Short web captions:
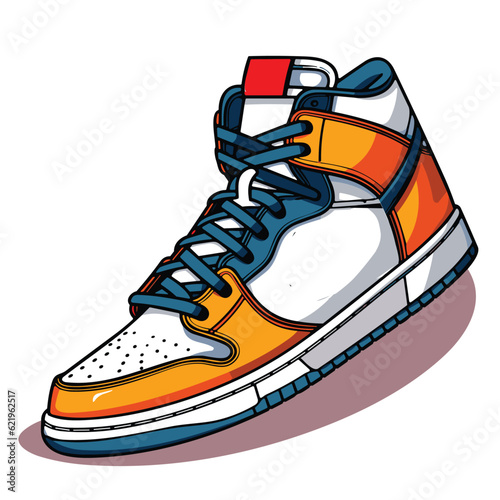 Cool sneakers vector with white background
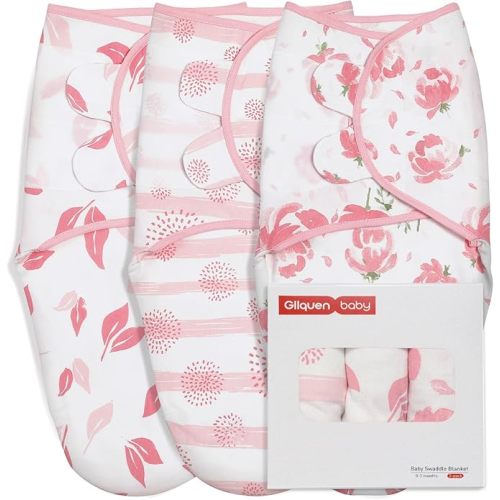 GLLQUEN BABY Organic Girl Swaddle Blankets, Adjustable Infant Swaddle,Newborn Swaddles for 0-3 Months, Ergonomic Baby Sleep Sack,Pink Floral or Dandelions or Leaves,Swaddling Blankets 3 Pack Wrap Set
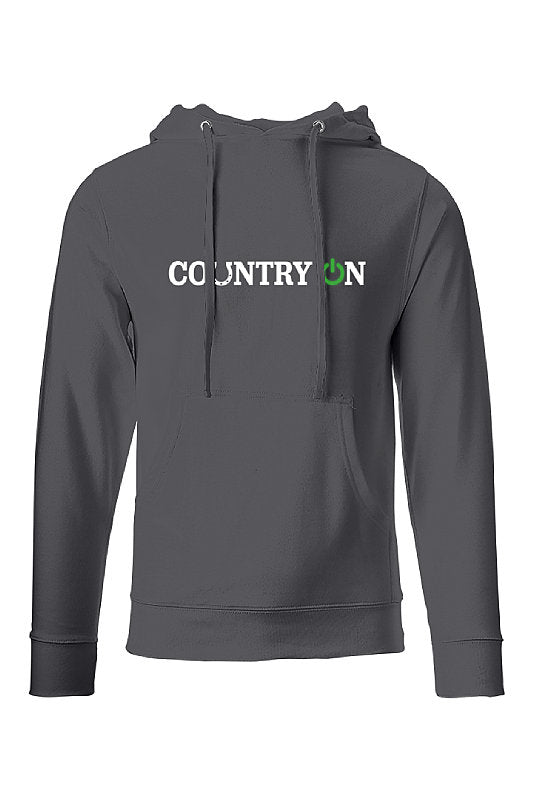 Country Lifestyle ON - Hoodie - White & Green Logo on Charcoal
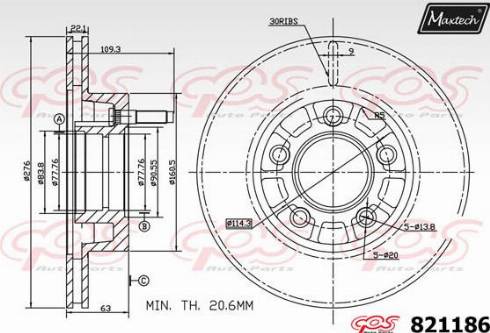 Maxtech 821186.0000 - Bremžu diski autodraugiem.lv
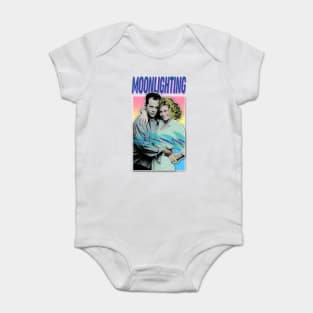 Moonlighting - 80s Styled Retro Graphic Design Baby Bodysuit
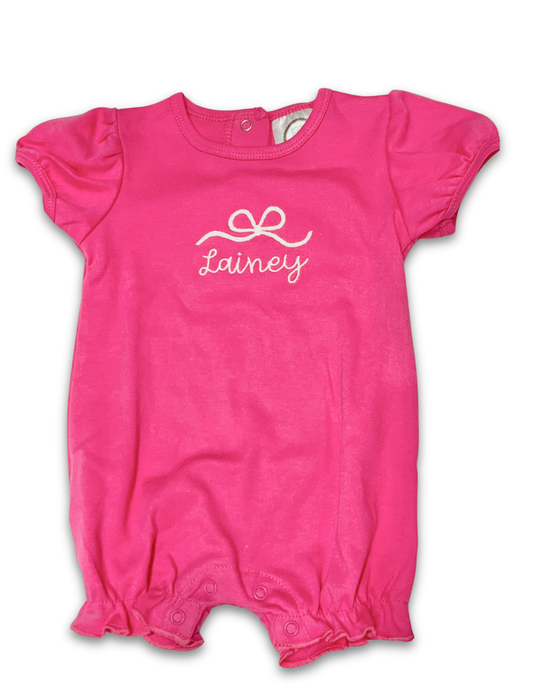 Girls Puff Sleeve Ruffle Romper – Pink Bow
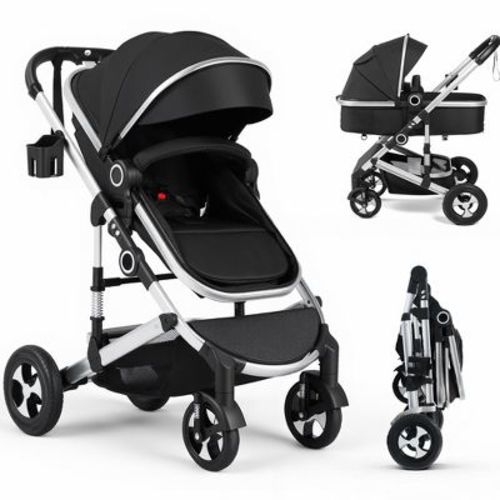 TODECARE 2-in-1 Convertible Baby Stroller with Reversible Seat, Adjustable Canopy and Storage, Black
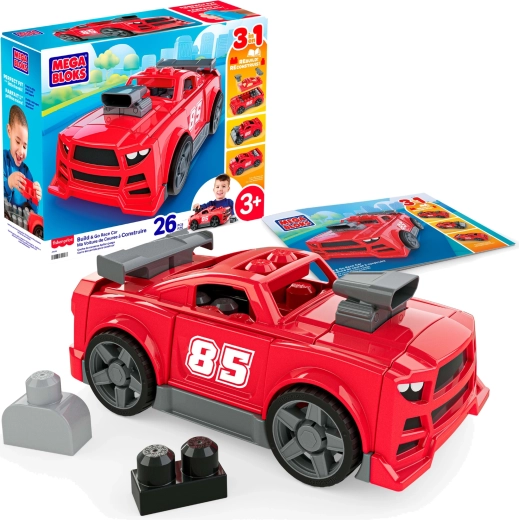 Mega Bloks 3 az 1-ben építőkészlet versenyautó (26 darab)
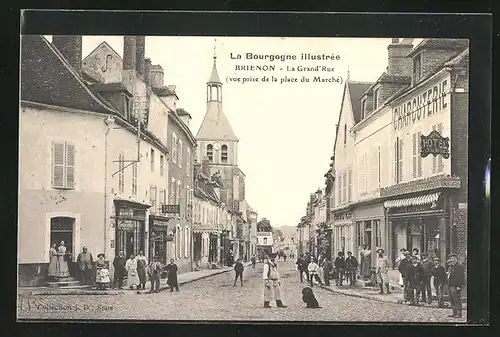 AK Brienon, La Grande Rue, Hotel de la Halle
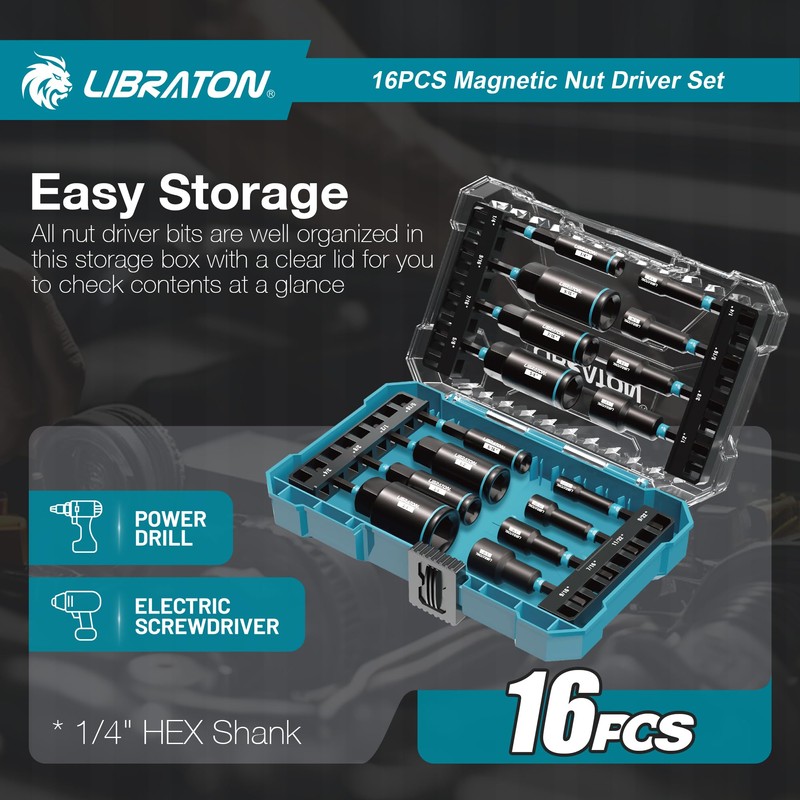 LIBRATON Magnetic Nut & Driver Set, 16pc Impact Driver Bit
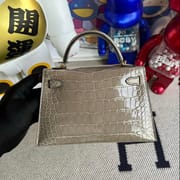 Hermès Kelly Mini II 2代 81 Gris Tourterelle  Shiny Alligator Crocodile GHW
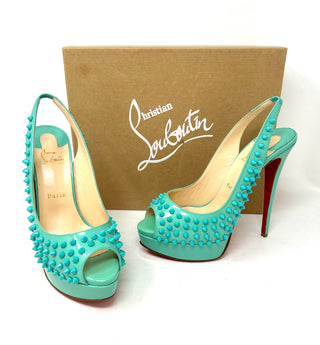 Christian Louboutin Spikes Turquoise Patent Peep Toe Sling Back Heels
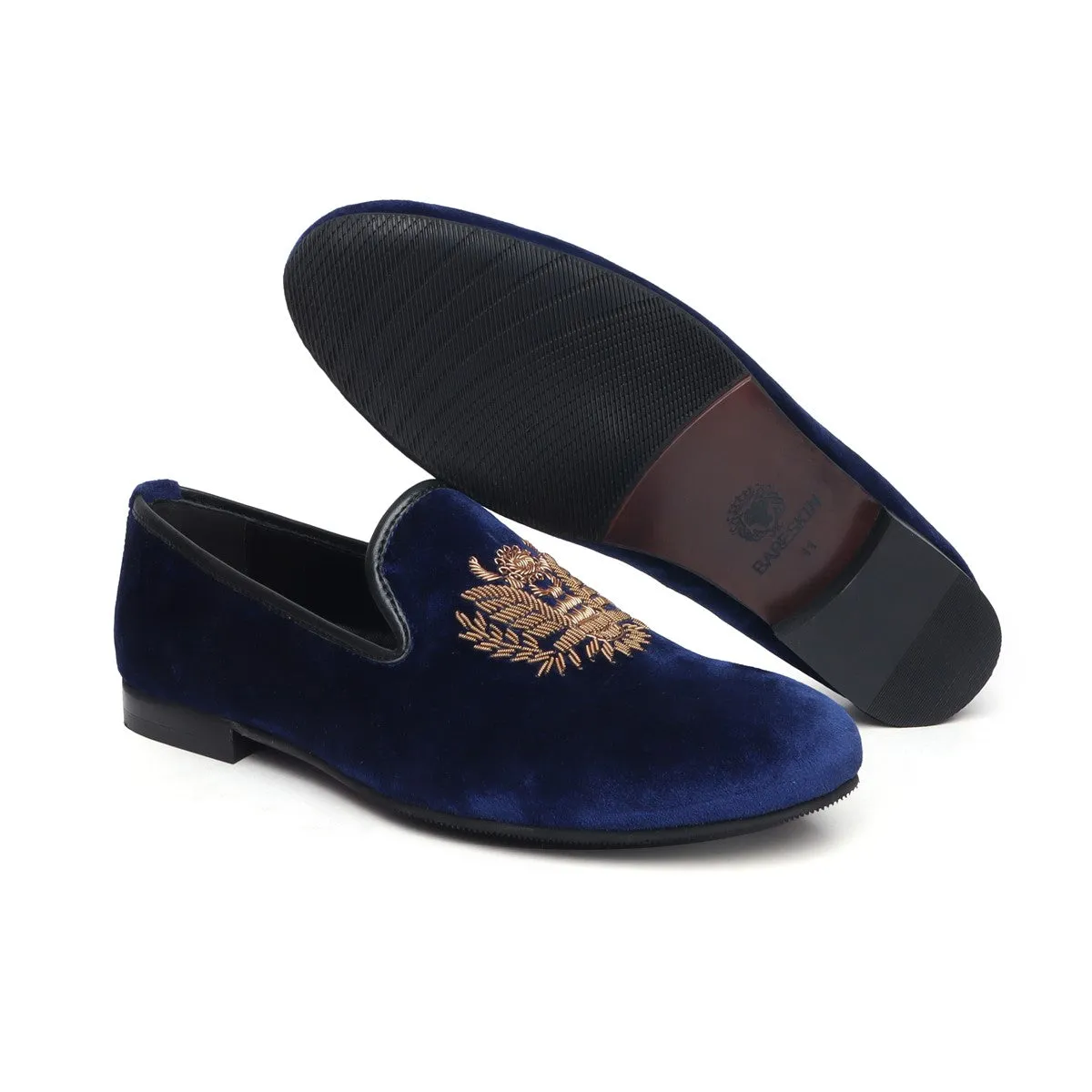 Blue Velvet Slip-On with Crown Eagle Zardosi By Brune & Bareskin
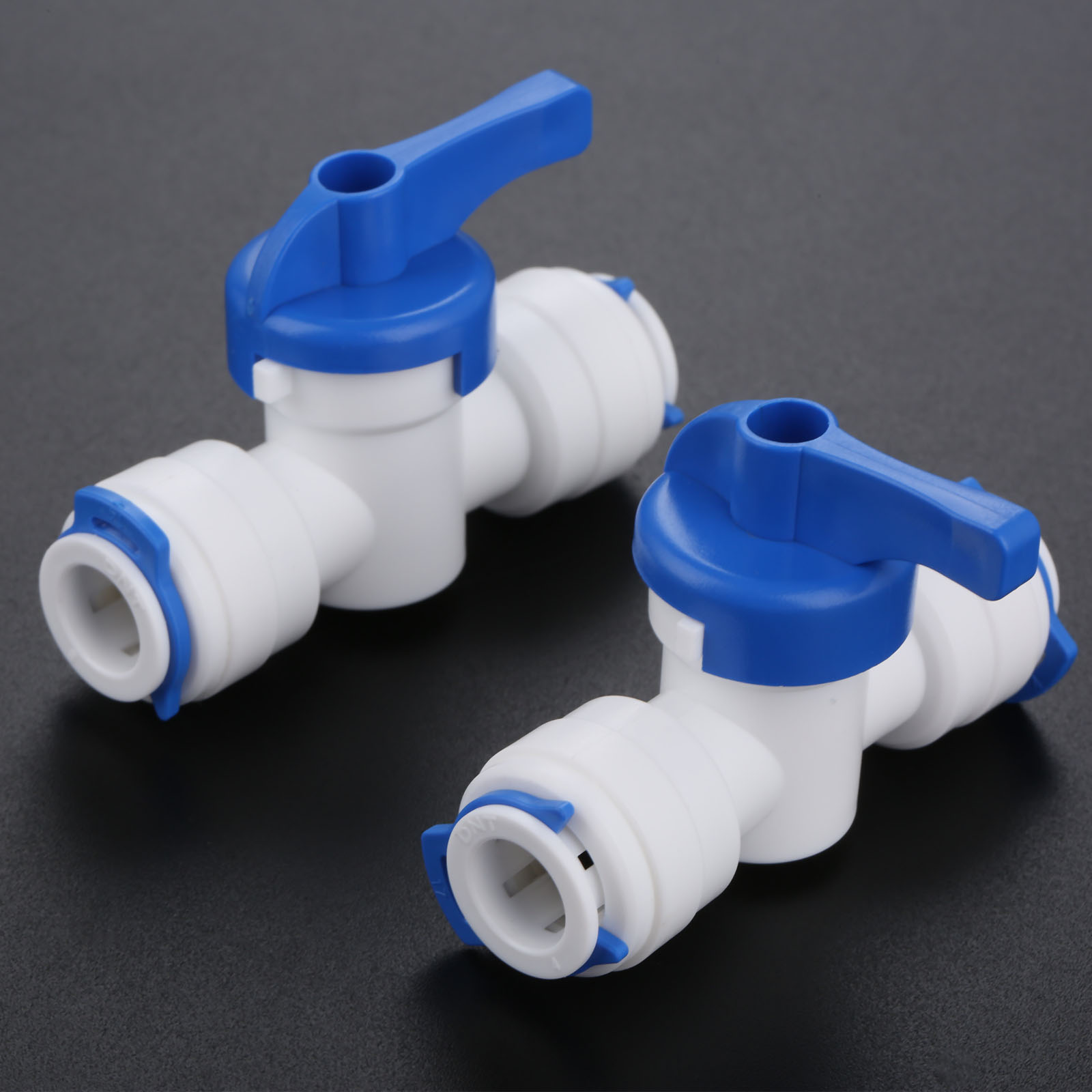 1Pc RO Straight 1/4" 3/8" OD Hose Quick Connection Control Fittings Plastic Water Ball Valve Reveser Osmosis Aquarium Fittings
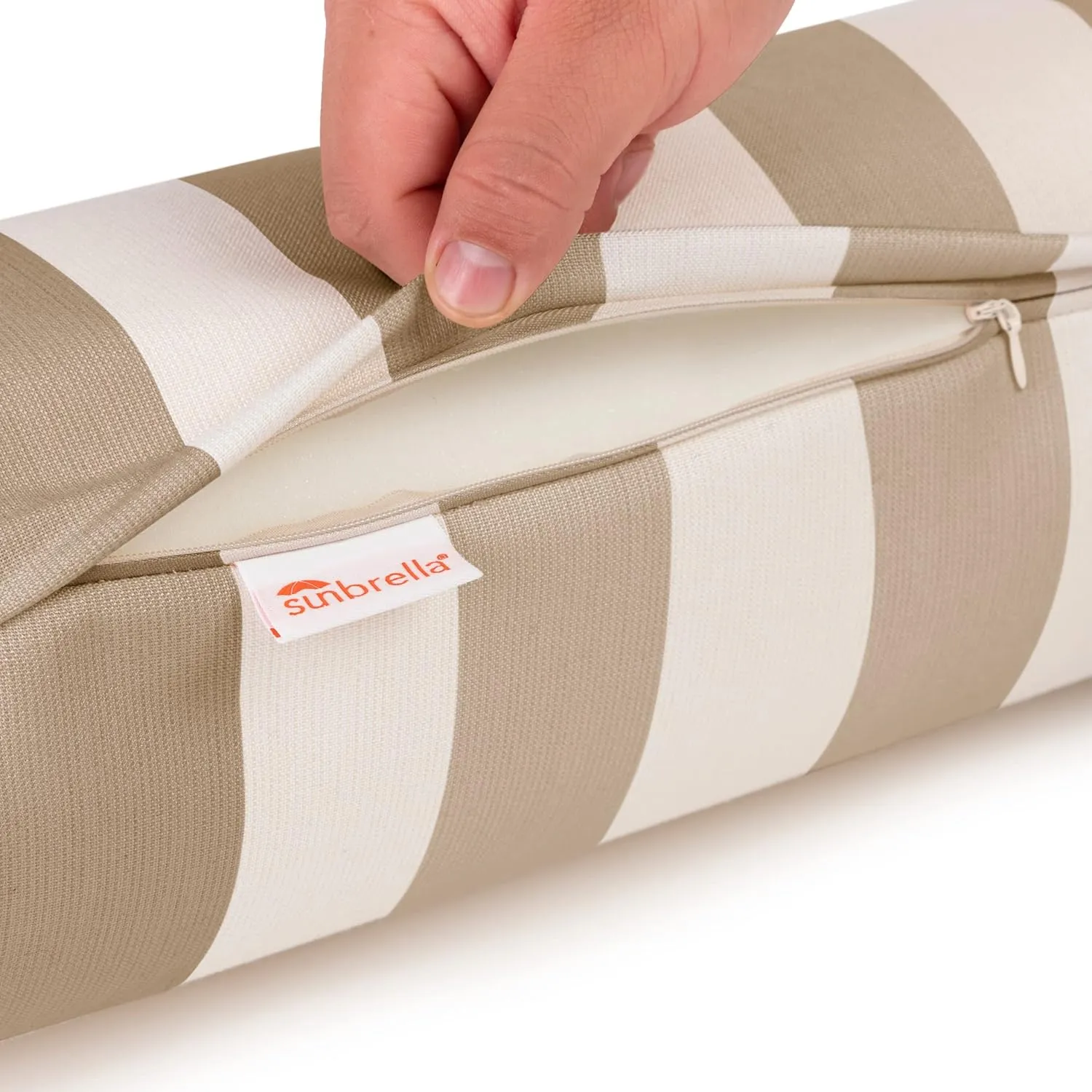 Sunbrella Maxim Heather Beige Cabana Stripe Zippered Neck Roll Bolster (Set of 2)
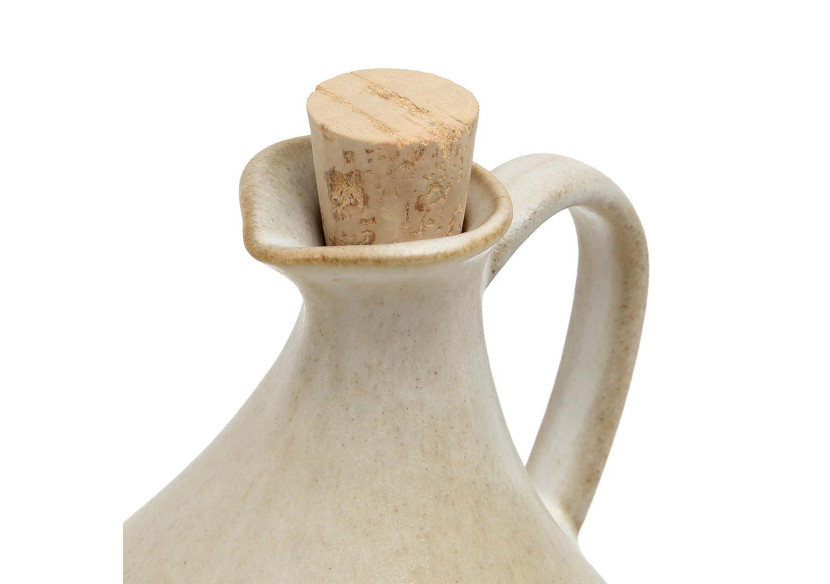 Bouteille d'Huile d'Olive N������80 - Élégante en blanc - POCE080W - Bazar Bizar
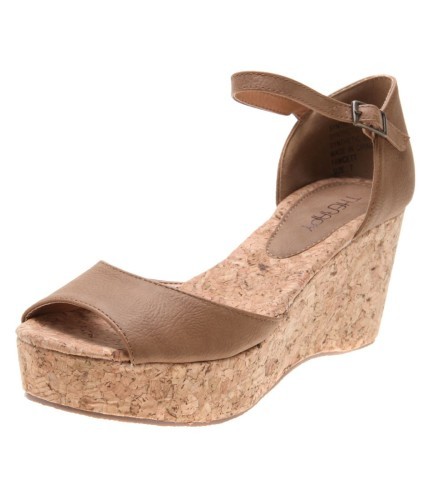 New style wooden texture wedge heel shoes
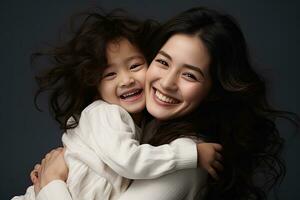 Portrait of happy asian mother and daughter hugging on dark background, cheerful asian toddler daughter hugging happy mother isolated on gray, AI Generated photo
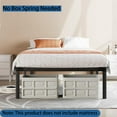 thumbnail image 2 of Queen Bed Frame 14 inch Heavy Duty Metal Platform Bedroom Frame with Storage Space, Steel Slat Support, Black, 2 of 7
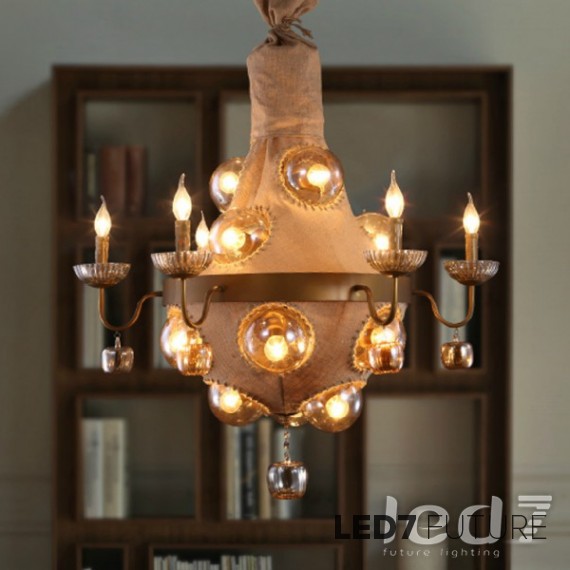 Loft Industry Fabric Bulb Chandelier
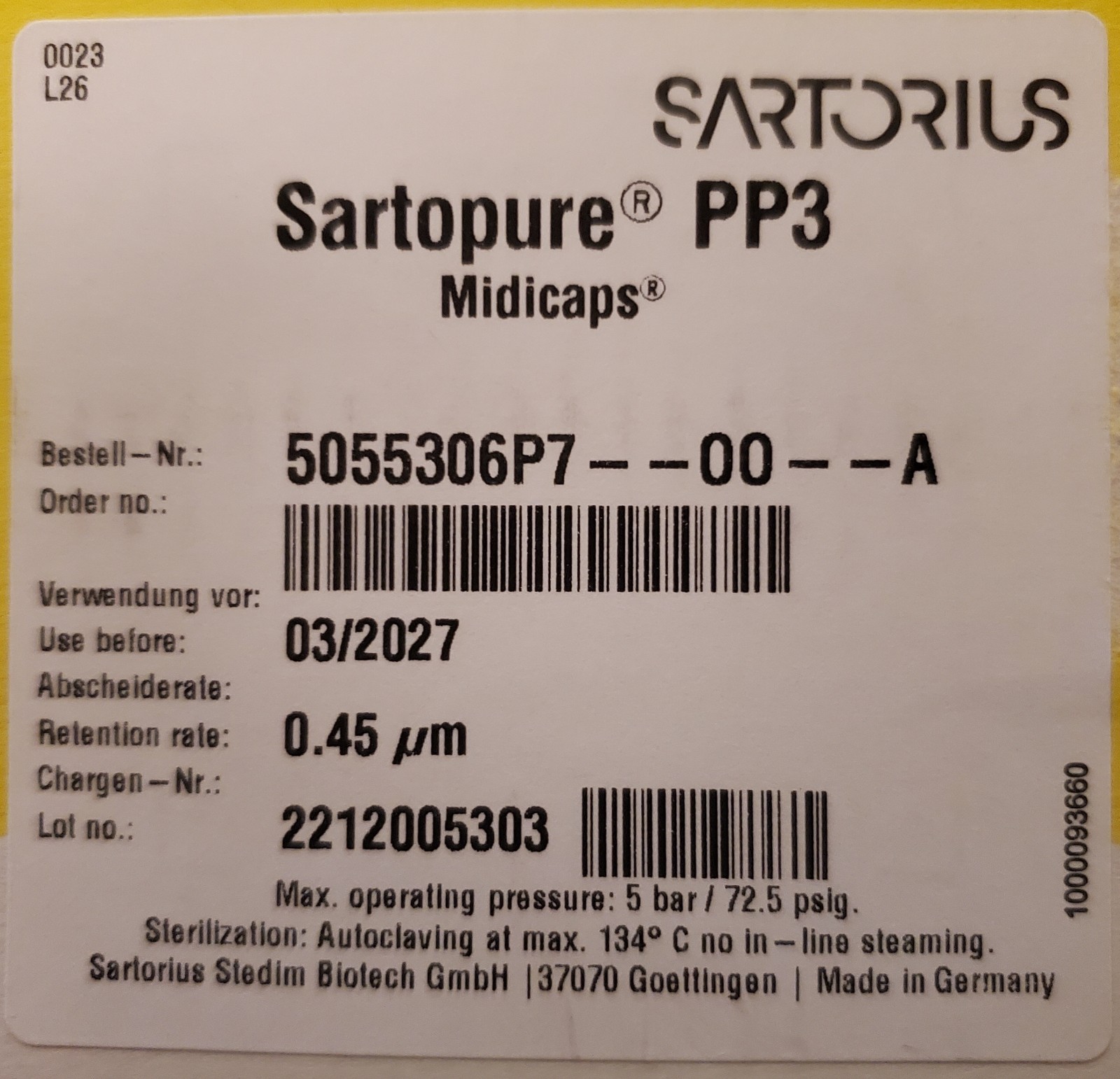 (4/Pk) SARTORIUS Sartopure PP3 Midicaps 0.45um Size 7 5055306P7-00-A, NEW Sealed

Exercise requirements: Without the pictures, give back the entries exactly.

Solution for this problem:
 Cool sneakers vector with white background
 GLLQUEN BABY Organic Girl Swaddle Blankets, Adjustable Infant Swaddle,Newborn Swaddles for 0-3 Months, Ergonomic Baby Sleep Sack,Pink Floral or Dandelions or Leaves,Swaddling Blankets 3 Pack Wrap Set
 Country Lifestyle ON - Hoodie - White & Green Logo on Charcoal
 Maxtech 821186.0000 - Bremžu diski autodraugiem.lv
 Moonlighting - 80s Styled Retro Graphic Design Baby Bodysuit
 Girls Puff Sleeve Ruffle Romper – Pink Bow
 TODECARE 2-in-1 Convertible Baby Stroller with Reversible Seat, Adjustable Canopy and Storage, Black
 Mega Bloks 3 az 1-ben építőkészlet versenyautó (26 darab)
 AK Brienon, La Grande Rue, Hotel de la Halle
 LIBRATON Magnetic Nut & Driver Set, 16pc Impact Driver Bit
 Hermès Kelly Mini II 2代 81 Gris Tourterelle  Shiny Alligator Crocodile GHW
 Christian Louboutin Spikes Turquoise Patent Peep Toe Sling Back Heels
 Blue Velvet Slip-On with Crown Eagle Zardosi By Brune & Bareskin
 1Pc RO Straight 1/4" 3/8" OD Hose Quick Connection Control Fittings Plastic Water Ball Valve Reveser Osmosis Aquarium Fittings
 Sunbrella Maxim Heather Beige Cabana Stripe Zippered Neck Roll Bolster (Set of 2)
 Bouteille d'Huile d'Olive N������80 - Élégante en blanc - POCE080W - Bazar Bizar
 New style wooden texture wedge heel shoes
 Portrait of happy asian mother and daughter hugging on dark background, cheerful asian toddler daughter hugging happy mother isolated on gray, AI Generated photo
 thumbnail image 2 of Queen Bed Frame 14 inch Heavy Duty Metal Platform Bedroom Frame with Storage Space, Steel Slat Support, Black, 2 of 7
 Loft Industry Fabric Bulb Chandelier
 (4/Pk) SARTORIUS Sartopure PP3 Midicaps 0.45um Size 7 5055306P7-00-A, NEW Sealed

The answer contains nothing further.